You are probably confused by the fact that sometimes you compute entropy using considering all the possible characters, other times you consider words, other times you even consider other different rules.

Entropy is just the amount of "randomness", or "noise" that an attacker cannot know in advance, provided that the source of this entropy is actually a good source. A dice is a good source of entropy if you need a random number from 1 to 6, but if you use an unfair dice then it won't work well.

But does the attacker know how you are actually generating your password? Do they know if you are choosing random characters, if you are including symbols or not, if you are using a word list instead, or what kind of word list you are using (and in what language)? They might know all this information, or they might not. But in information security it is considered bad practice to rely on the secrecy of the methods (as an extension of Kerckhoffs's principle).

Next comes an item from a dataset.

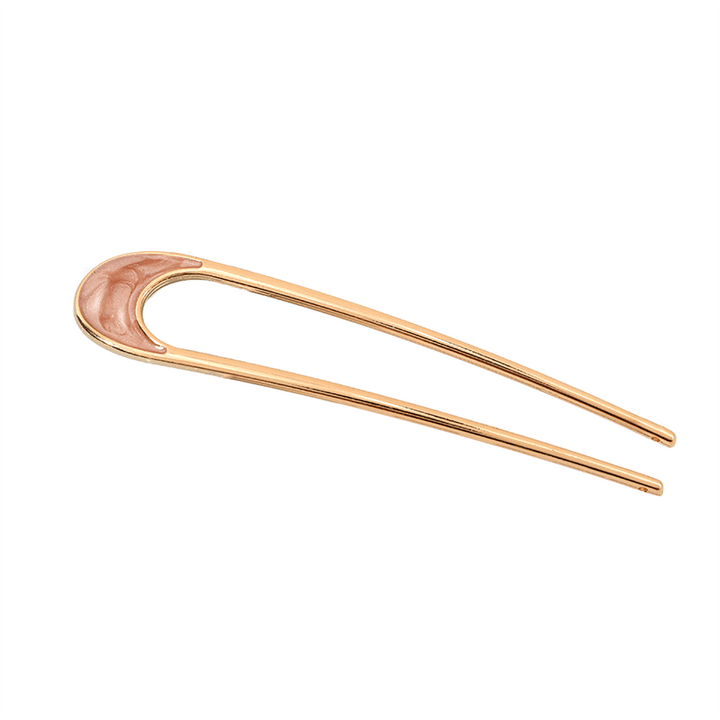 Chris Rubin Alina French Chignon Hairpin – Champagne – Håraccessoarer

Therefore you need to assume that an attacker actually knows how you generated your passwords. And all you have left then is entropy.

So if you have chosen random characters, you will calculate the entropy as C^L (C = number of possible characters, L = password length). If you have chosen random words, you will use W^N (W = number of possible words in your list, N = number of chosen words). And if you have chosen a password like Tr0ub4dor&3, the entropy might be less than you think (see this famous xkcd).

As a side note, unfortunately entropy is not really enough to guarantee that a password is secure. For example, if you generate a password totally randomly, it is possible (however unlikely) that you end up generating 12345678. That password would be extremely insecure, no matter if it's actually been generated randomly and you just end up with that ridiculous string because of bad luck. So technically entropy alone is not enough to guarantee that you have a secure password, but you would also need to check it doesn't contain any obvious patterns or it isn't included in any known password lists.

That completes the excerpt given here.